Data supplied

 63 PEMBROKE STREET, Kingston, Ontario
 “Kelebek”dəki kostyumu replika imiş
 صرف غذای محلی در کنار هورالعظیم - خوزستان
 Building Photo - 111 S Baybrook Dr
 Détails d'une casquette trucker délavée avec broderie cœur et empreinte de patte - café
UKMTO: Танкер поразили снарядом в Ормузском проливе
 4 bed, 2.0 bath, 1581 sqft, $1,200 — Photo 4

---

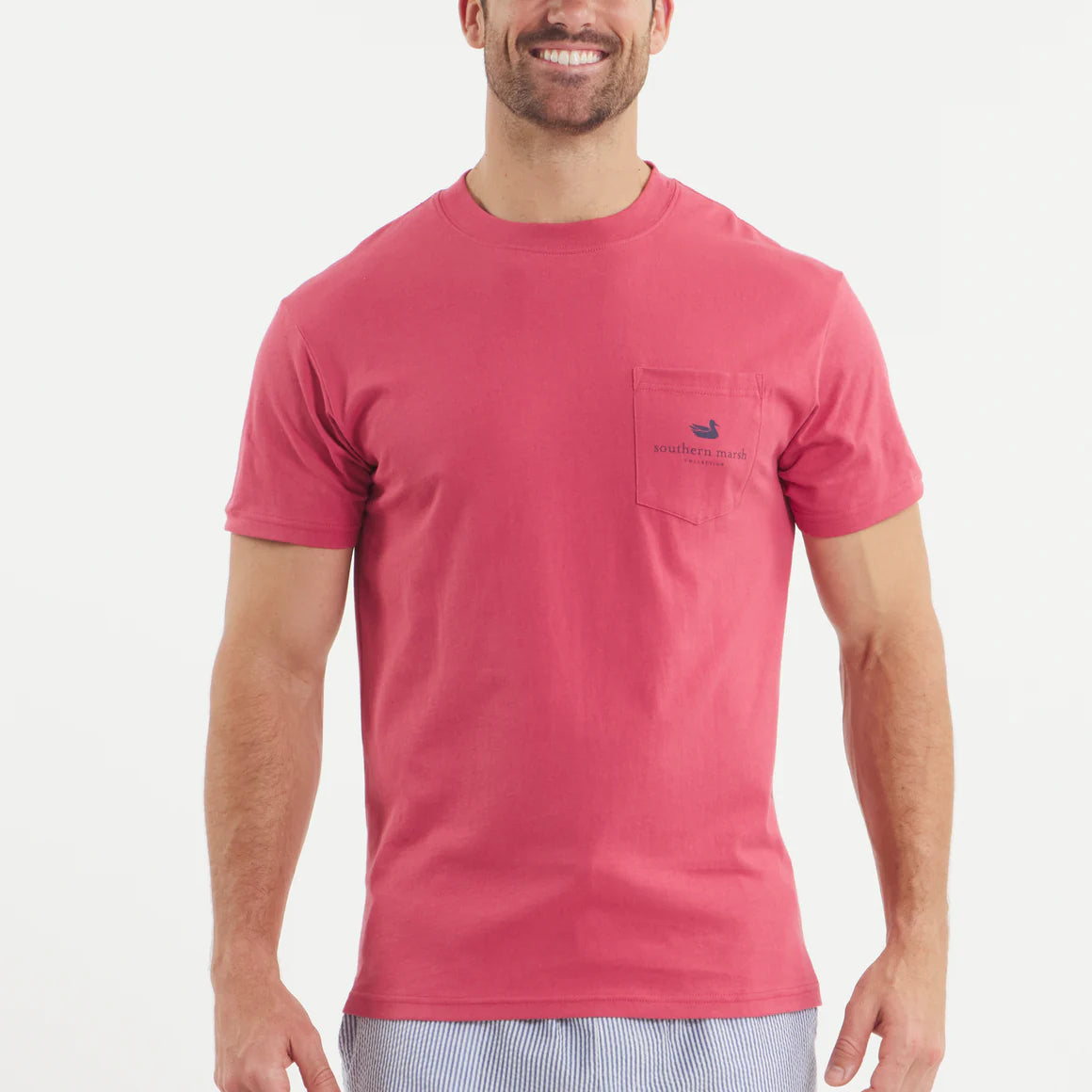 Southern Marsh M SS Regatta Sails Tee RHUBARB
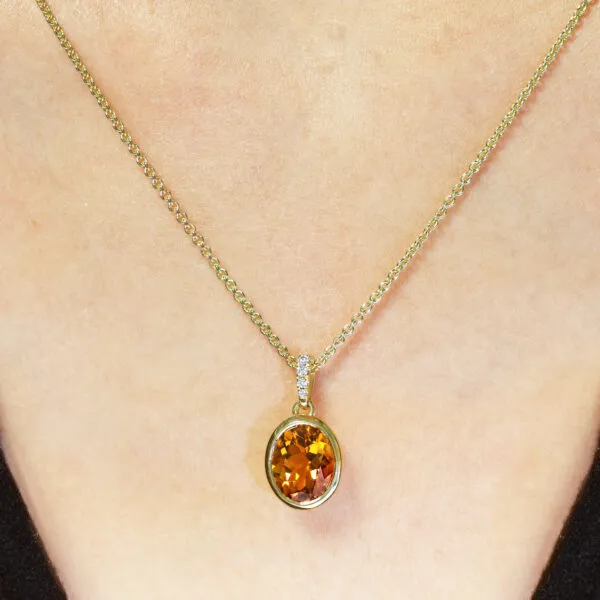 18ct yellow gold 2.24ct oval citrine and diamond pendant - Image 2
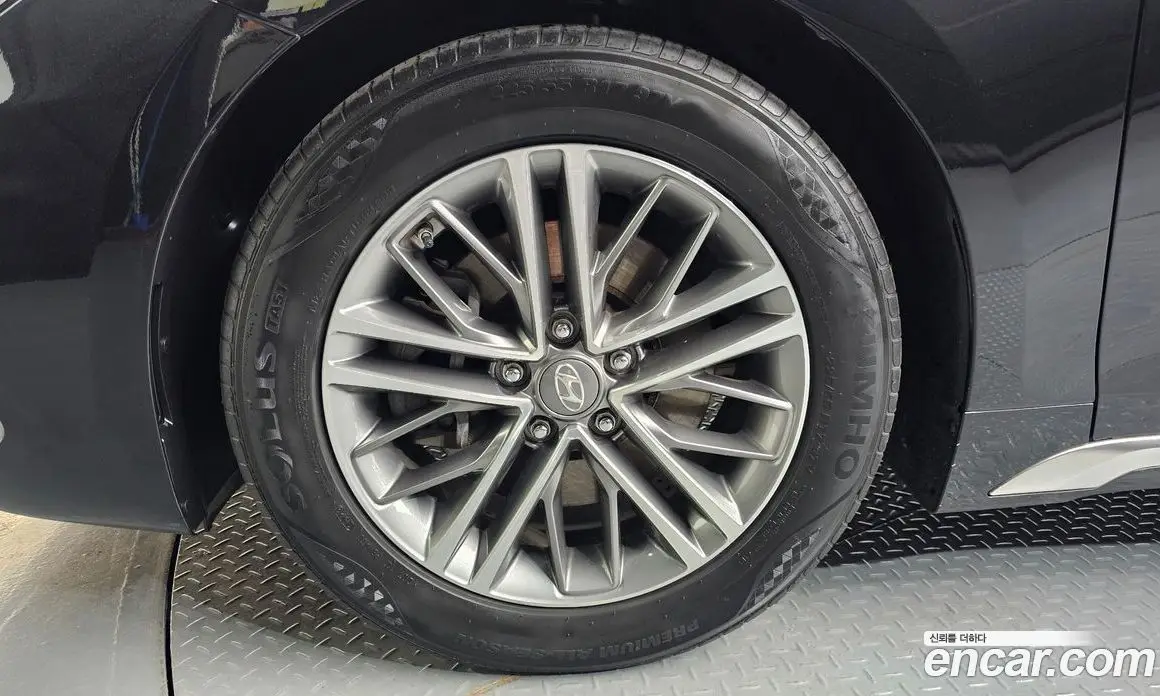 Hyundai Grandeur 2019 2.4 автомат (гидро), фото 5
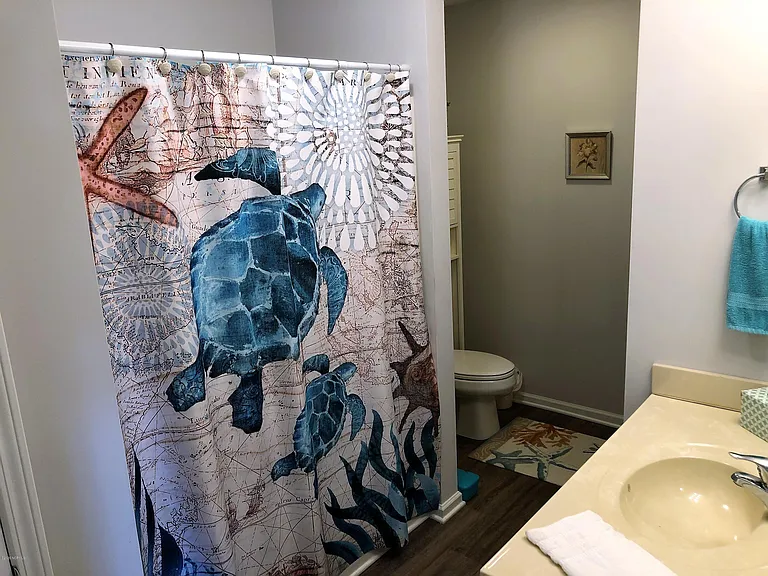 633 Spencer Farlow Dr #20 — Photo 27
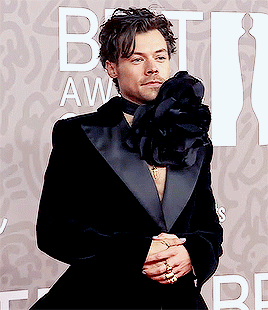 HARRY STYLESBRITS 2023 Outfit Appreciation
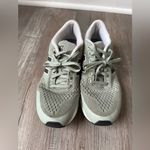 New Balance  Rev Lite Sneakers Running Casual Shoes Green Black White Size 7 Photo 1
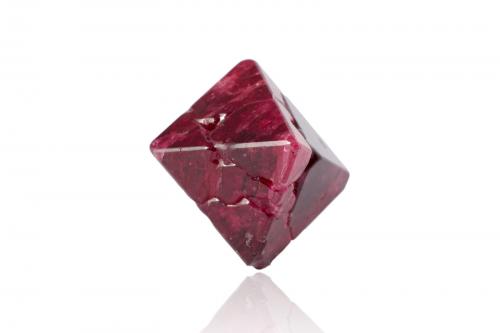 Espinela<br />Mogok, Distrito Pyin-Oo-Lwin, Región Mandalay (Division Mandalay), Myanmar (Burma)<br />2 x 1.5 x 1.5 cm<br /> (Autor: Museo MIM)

Your objective
There is a line with "kostyumu replika imiş" and a line with "4 bed, 2.0 bath, 1581 sqft, $1,200 — Photo 4" above. Copy exactly those two lines and all lines between them, with nothing else.

Response box
 “Kelebek”dəki kostyumu replika imiş
 صرف غذای محلی در کنار هورالعظیم - خوزستان
 Building Photo - 111 S Baybrook Dr
 Détails d'une casquette trucker délavée avec broderie cœur et empreinte de patte - café
UKMTO: Танкер поразили снарядом в Ормузском проливе
 4 bed, 2.0 bath, 1581 sqft, $1,200 — Photo 4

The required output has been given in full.